Stefanie Bales – Atlas Obscura

Sparks: Tell me about your creative process and the technical way you create the images in your paintings:

Bales: The process I use when I’m painting is always intuitive. I’ll have an idea or a piece of inspiration that sparks my creativity. But the process itself varies from one type of painting to the next. For the work that I’m known for, which is the hyperreal landscapes and seascapes, I use an original process I developed. I try to liken it to the idea of building out a collage. So I’ll take a specific visual element, like an ombre color fade or a cloud (I once did a whole painting inspired by graphic rug textures), and I will collect scraps of those things as long as they are on paper. Then I use a medium to pull the ink from the paper onto the canvas in little bits. I build out all of the imagery by repeating this process, and then I paint in, around, and over the inspiration pieces.

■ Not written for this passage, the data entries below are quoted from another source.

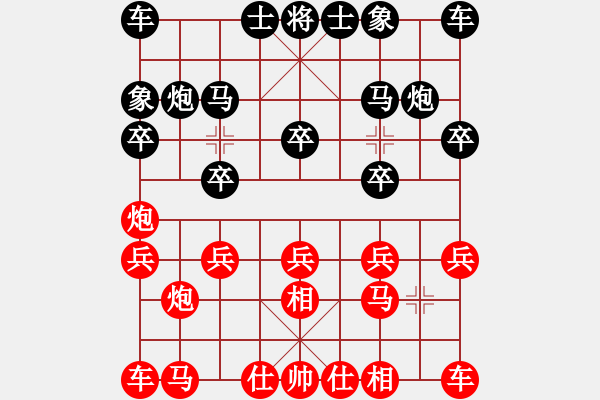 象棋棋譜圖片：4028局 A41-起馬對進(jìn)７卒-旋風(fēng)引擎24層 紅先和 旋風(fēng)九專雙核 - 步數(shù)：10 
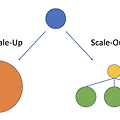 [DevOps] Scale-Up과 Scale-Out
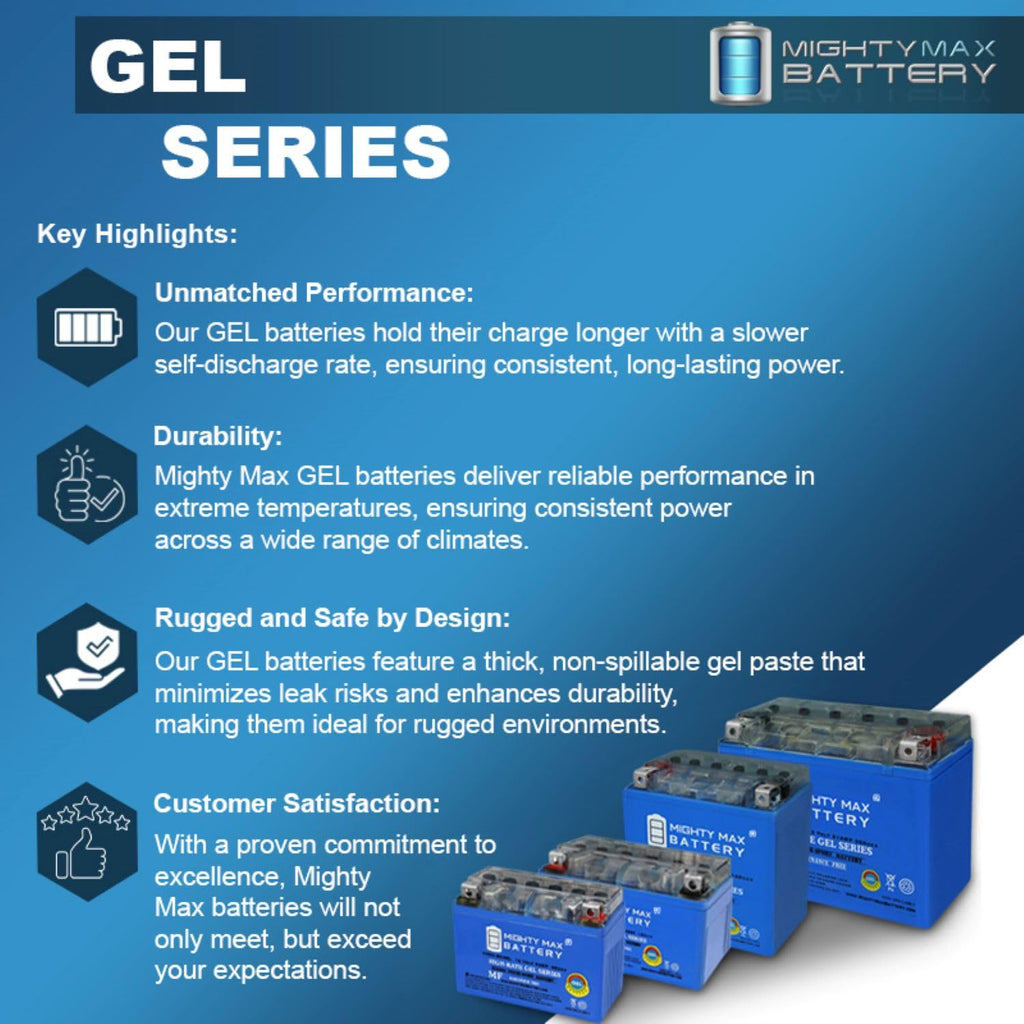 12V 11.2Ah GEL Battery J865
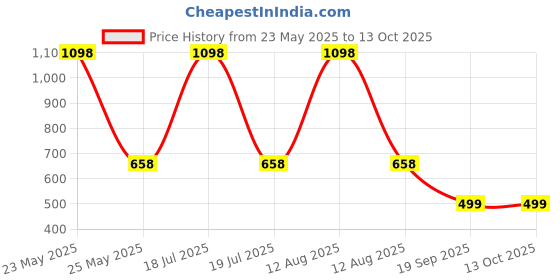 myntra.com MEESAN Printed Embellished Ethnic Tunic meesan Price History Graph from 23 May 2025 to 13 Oct 2025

Sometimes the transfers work pretty fluidly, sometimes they almost totally fail. Either way, I try to work that into the painting so that if it does fail, I will usually paint over it and still see how I can continue to evolve it and still have that part fit into the narrative. I will work on it until it “middles out” to where the painting finally comes into itself, and that’s where it shows those surreal and hyperreal elements if the transfers work well.

Stefanie Bales – Pacific Light

Sparks: What is the reason you’ve created these specific compositions in your paintings? What’s the passion behind it?

Bales: It is truly a result of the process. I actually stumbled on it by accident; I was just in that state of play one day where I was toying around, and the idea came to me of bringing all these different pieces together of things that inspire me and that exist in nature one way or another. I can take those pieces and recreate them in my own voice, that’s what I think I was doing.

I like to say that I’m a painter of light; that is truly what inspires me. Honestly, the landscapes and the seascapes are the result of wanting to paint the sky and the interaction of the sun and the light on the landscape and sea below. So there’s the recurring inspirations and the different ways in which they play out. The idea is that I create these dreamscapes that are surreal and metaphysical and tap into Gestalt perceptual psychology. And the main theory behind that is “the whole is greater than the sum of its parts”. So you may look at a landscape at first and see one thing, but it’s not until you really get into it and start breaking down the image that it doesn’t really make sense or look a certain way. I like to say that my work reflects the way you see things when you close your eyes, so only the best parts, foregoing everything that isn’t the most beautiful.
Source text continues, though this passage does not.